══ Recorded information ══

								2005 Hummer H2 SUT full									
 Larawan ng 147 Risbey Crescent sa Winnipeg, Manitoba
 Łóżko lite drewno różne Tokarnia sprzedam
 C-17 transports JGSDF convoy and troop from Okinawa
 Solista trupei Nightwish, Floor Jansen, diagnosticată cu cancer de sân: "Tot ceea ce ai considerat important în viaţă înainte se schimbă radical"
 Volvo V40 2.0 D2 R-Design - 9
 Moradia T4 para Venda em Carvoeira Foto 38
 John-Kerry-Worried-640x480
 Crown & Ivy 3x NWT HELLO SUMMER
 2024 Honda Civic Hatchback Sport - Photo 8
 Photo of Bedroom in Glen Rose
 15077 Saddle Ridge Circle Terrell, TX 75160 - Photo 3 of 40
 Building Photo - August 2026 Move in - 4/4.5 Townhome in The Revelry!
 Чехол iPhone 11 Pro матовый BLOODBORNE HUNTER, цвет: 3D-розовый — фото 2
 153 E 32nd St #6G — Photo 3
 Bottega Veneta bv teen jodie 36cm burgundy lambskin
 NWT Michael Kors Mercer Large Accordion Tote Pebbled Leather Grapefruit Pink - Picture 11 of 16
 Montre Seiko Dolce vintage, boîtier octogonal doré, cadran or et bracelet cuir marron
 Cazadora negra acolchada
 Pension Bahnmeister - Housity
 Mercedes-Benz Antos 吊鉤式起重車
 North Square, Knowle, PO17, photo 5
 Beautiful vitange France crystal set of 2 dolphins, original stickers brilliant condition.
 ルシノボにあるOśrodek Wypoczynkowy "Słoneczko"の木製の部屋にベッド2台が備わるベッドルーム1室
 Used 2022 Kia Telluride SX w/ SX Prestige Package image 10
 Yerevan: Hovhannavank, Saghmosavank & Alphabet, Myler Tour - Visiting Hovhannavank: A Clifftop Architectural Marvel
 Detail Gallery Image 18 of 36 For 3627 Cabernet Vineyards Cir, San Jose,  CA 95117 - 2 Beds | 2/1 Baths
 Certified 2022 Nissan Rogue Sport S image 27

═══

◆ **Task brief**
Your answer is the line containing "Moradia T4 para Venda em Carvoeira Foto 38" plus every line after it through the end of the entries, given again exactly and alone.

◆ **Solution below**
 Moradia T4 para Venda em Carvoeira Foto 38
 John-Kerry-Worried-640x480
 Crown & Ivy 3x NWT HELLO SUMMER
 2024 Honda Civic Hatchback Sport - Photo 8
 Photo of Bedroom in Glen Rose
 15077 Saddle Ridge Circle Terrell, TX 75160 - Photo 3 of 40
 Building Photo - August 2026 Move in - 4/4.5 Townhome in The Revelry!
 Чехол iPhone 11 Pro матовый BLOODBORNE HUNTER, цвет: 3D-розовый — фото 2
 153 E 32nd St #6G — Photo 3
 Bottega Veneta bv teen jodie 36cm burgundy lambskin
 NWT Michael Kors Mercer Large Accordion Tote Pebbled Leather Grapefruit Pink - Picture 11 of 16
 Montre Seiko Dolce vintage, boîtier octogonal doré, cadran or et bracelet cuir marron
 Cazadora negra acolchada
 Pension Bahnmeister - Housity
 Mercedes-Benz Antos 吊鉤式起重車
 North Square, Knowle, PO17, photo 5
 Beautiful vitange France crystal set of 2 dolphins, original stickers brilliant condition.
 ルシノボにあるOśrodek Wypoczynkowy "Słoneczko"の木製の部屋にベッド2台が備わるベッドルーム1室
 Used 2022 Kia Telluride SX w/ SX Prestige Package image 10
 Yerevan: Hovhannavank, Saghmosavank & Alphabet, Myler Tour - Visiting Hovhannavank: A Clifftop Architectural Marvel
 Detail Gallery Image 18 of 36 For 3627 Cabernet Vineyards Cir, San Jose,  CA 95117 - 2 Beds | 2/1 Baths
 Certified 2022 Nissan Rogue Sport S image 27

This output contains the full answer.